Buna göre soruşturma zamanaşımı süresinin dolması halinde kabahatten dolayı kişi hakkında idari para cezası verilemez, yerine getirme zamanaşımının dolması halinde ise idari cezası tahsil edilemez.

Kabahatler kanununda, soruşturma zamanaşımı (m.20) ve yerine getirme zamanaşımı (m.21) olmak üzere iki türlü zamanaşımı kabul edilmiştir. Kabahat işlendikten sonra, kanunda yazılı belirli bir süre içinde soruşturma yapılıp, kabahatten dolayı kişi hakkında idari para cezası verilmez ise soruşturma zamanaşımı, kabahatten dolayı verilen ceza, kanunda yazılı belirli bir süre içinde uygulanmaz ise yerine getirme (tahsil) zamanaşımı söz konusu olur.

Kabahatler Kanunu’nun 20. maddesinin 4. fıkrasına göre soruşturma zamanaşımı süresi, kabahate ilişkin tanımdaki fiilin işlenmesiyle veya neticenin gerçekleşmesiyle işlemeye başlar. Kanununun 5. maddesinin 2. fıkrasında yer alan kabahat, “failinin icrai veya ihmali davranışı gerçekleştirdiği zaman işlenmiş sayılır.
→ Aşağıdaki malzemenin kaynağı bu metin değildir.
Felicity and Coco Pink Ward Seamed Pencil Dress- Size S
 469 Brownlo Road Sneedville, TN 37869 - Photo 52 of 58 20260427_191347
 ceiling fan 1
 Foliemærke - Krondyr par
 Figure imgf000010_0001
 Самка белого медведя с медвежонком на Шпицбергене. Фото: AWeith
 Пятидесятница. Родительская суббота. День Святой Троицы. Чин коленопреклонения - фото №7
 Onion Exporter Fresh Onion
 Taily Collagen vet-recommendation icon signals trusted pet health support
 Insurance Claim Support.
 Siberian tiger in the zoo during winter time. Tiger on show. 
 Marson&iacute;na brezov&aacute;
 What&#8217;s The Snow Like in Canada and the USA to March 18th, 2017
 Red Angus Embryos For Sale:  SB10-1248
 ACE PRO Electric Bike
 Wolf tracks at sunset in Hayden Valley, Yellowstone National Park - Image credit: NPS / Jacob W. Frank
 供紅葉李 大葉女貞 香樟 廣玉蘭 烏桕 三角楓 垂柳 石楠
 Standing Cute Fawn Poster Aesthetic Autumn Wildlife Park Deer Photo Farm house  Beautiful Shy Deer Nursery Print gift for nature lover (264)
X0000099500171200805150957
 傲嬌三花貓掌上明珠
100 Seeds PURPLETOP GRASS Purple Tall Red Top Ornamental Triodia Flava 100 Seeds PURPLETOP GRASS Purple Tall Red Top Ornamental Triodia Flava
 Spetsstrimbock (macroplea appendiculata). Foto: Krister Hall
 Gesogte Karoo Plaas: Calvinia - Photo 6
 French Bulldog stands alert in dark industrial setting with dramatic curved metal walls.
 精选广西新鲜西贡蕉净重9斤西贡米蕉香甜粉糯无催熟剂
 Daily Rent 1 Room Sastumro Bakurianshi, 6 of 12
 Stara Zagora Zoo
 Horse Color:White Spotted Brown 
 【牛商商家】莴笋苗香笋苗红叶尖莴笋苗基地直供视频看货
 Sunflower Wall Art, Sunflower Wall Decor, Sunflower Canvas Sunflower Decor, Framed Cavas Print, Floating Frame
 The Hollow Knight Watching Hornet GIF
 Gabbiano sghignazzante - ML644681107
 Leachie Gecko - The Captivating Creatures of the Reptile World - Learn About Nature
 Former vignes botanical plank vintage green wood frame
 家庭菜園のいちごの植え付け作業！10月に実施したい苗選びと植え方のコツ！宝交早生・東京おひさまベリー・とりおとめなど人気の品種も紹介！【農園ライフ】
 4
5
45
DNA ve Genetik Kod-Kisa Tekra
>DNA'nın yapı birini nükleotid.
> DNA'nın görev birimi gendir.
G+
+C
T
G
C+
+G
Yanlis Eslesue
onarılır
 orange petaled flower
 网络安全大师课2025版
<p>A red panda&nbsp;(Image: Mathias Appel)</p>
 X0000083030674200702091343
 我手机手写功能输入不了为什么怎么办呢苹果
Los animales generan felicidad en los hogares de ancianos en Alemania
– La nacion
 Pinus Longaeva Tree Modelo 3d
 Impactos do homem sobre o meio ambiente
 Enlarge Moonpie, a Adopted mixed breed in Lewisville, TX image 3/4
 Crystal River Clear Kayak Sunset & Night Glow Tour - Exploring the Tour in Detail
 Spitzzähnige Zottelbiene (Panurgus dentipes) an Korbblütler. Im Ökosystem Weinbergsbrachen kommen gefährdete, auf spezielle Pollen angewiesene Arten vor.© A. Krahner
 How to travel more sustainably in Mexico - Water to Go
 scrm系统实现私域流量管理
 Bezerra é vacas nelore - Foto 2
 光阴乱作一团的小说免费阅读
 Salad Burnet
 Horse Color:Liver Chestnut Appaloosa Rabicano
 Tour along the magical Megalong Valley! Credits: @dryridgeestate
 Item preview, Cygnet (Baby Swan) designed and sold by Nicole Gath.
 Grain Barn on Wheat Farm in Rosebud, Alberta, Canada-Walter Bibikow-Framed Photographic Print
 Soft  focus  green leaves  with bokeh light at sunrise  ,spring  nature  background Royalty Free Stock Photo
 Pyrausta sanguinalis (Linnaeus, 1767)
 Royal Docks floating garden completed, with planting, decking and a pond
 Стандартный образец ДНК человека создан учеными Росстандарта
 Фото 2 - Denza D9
Neticenin oluştuğu zaman, bu bakımından dikkate alınmaz.”. Bu nedenle zamanaşımının işlemeye başlama anı olarak davranışın gerçekleştirildiği zaman dikkate alınmalıdır.

Maden ve Petrol İşleri Genel Müdürlüğü uygulamalarında zamanaşımı süresinin hesabında fiilin idare tarafından tespit edildiği tarih esas alınmakta ise de böyle bir uygulamanın, soruşturma zamanaşımı süresinin, kabahate ilişkin tanımdaki fiilin işlenmesiyle başlayacağı yönündeki Kanun hükmüne açıkça aykırı olduğu ortadadır.